Diario de trabajo: sobre la puntualidad

El despertador sonó cuando debía; lo apagué pidiendo tregua, como siempre. Y como siempre, desperté a unos minutos de la hora límite en que tengo que estar cruzando la puerta del trabajo. Nada sabe bien después de eso. La angustia, por muy leve que sea, es como la capa de pasta de dientes que vuelve impaladeable el café en la mañana. Y es una angustia espuria: no estoy en realidad preocupado por la hora de llegada: estoy preocupado por el mal mayor, por el genérico que gobierna esta particularidad. Me incomoda la puntualidad.

La puntualidad es una más de las variaciones del tema del caracter, un tema anodino si los hay.
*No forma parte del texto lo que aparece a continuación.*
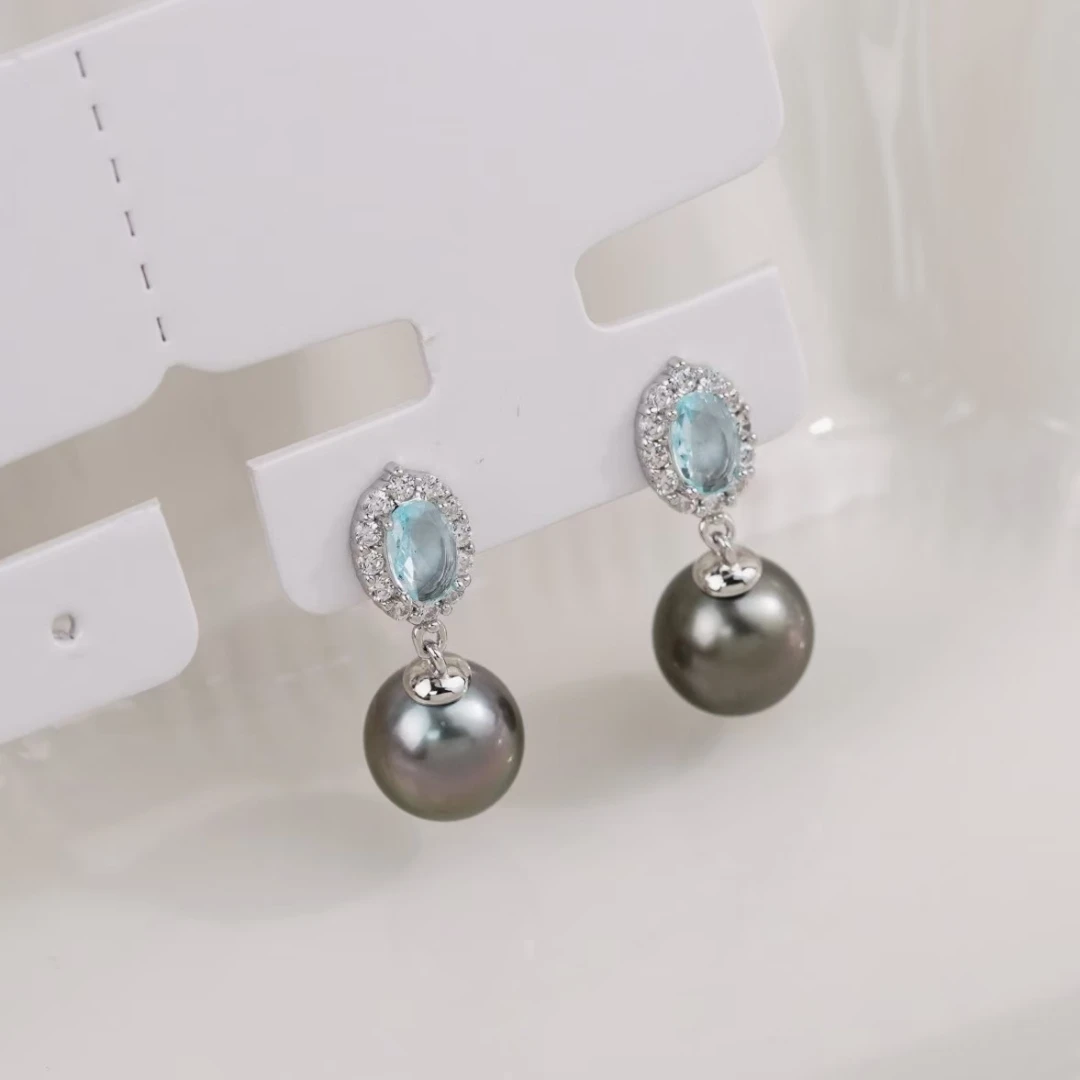 Wholesale 925 Sterling Silver Earrings Base Findings Mountings Jewelry Mounts Fittings Accessories for 9-10mm Pearls
Wholesale 925 Sterling Silver Earrings Base Findings Mountings Jewelry Mounts Fittings Accessories for 9-10mm Pearls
Resulta que, amen de la observancia de las reglas de uso del caracter, uno está obligado a convertirse en mejor persona con el paso de los días, y a sacrificar los ratos de ocio en tal empeño. La puntualidad, dicen, no es sólo una gracia personal, es en realidad una deferencia con el otro, con el prójimo: Sé que tu tiempo es importante y por eso me salgo de la regadera a media enjabonada, reconozco que eres valiosa y por eso no cruzo sin mirar las avenidas, todo sea por llegar a tiempo a nuestra cita. No estoy convencido de esta caracterización de la puntualidad como un regalo personal e íntimo. Creo, en todo caso, que la obligación de ser puntuales es uno de esos temerosos llamados al orden, que ocultan más de lo que muestran. No es sólo que uno muestre su obediencia al cumplir con las cotas del horario; en realidad lo que mostramos es que somos animales inofensivos.

La impuntualidad, al contrario de lo que nos dicen los manuales no escritos de conducta, es lo verdaderamente edificante. Si algo apuntala nuestra entereza y nuestro sentido ético, es la capacidad de procrastinar pasado el límite de tiempo, despilfarar segundos en ausencias sin sentido: es en la absoluta desidia en donde encontramos nuestra verdadera medida como seres humanos. La obligatoriedad de los actos con sentido, de las expresiones de mesura y recato, de la infinita deferencia con el prójimo han sido regla desde hace tanto tiempo que han terminado por no decirnos nada. Dicen que somos inofensivos, que no hay filo en nuestros actos y que permaneceremos atados al caracter más rancio de todos. Porque el caracter, como lo dijo quien fundó los Boy Scouts y generaciones de conscriptos en la Legión Extranjera, se forja en lo salvaje, en los extremos. Y nada menos extremo que la precisa aceptación de que el tiempo es oro, y que por respeto a los demás hay que llegar a tiempo. Lo salvaje en estos tiempos, si acaso, está en el desierto de minutos largos que se extiende al dejar atrás la hora pactada.

Llegué tarde al trabajo y pasó poco. Salvo unas cuantas miradas de reproche de quienes sí cumplieron con el horario estipulado y atravesaron el umbral antes de las nueve y cuarto, y algunos comentarios socarrones que pretenden atizar la culpa, hasta ahora no ha pasado nada.

A plazos

Parece que postear se ha convertido en lo mismo que la compra de un refrigerador: a plazos nunca regulares ni puntuales. Y como quien maldice su deuda pero tampoco puede lanzar el refrigerador por la ventana, me veo obligado a cubrir mi cuota cuando sea que haya capital para hacerlo.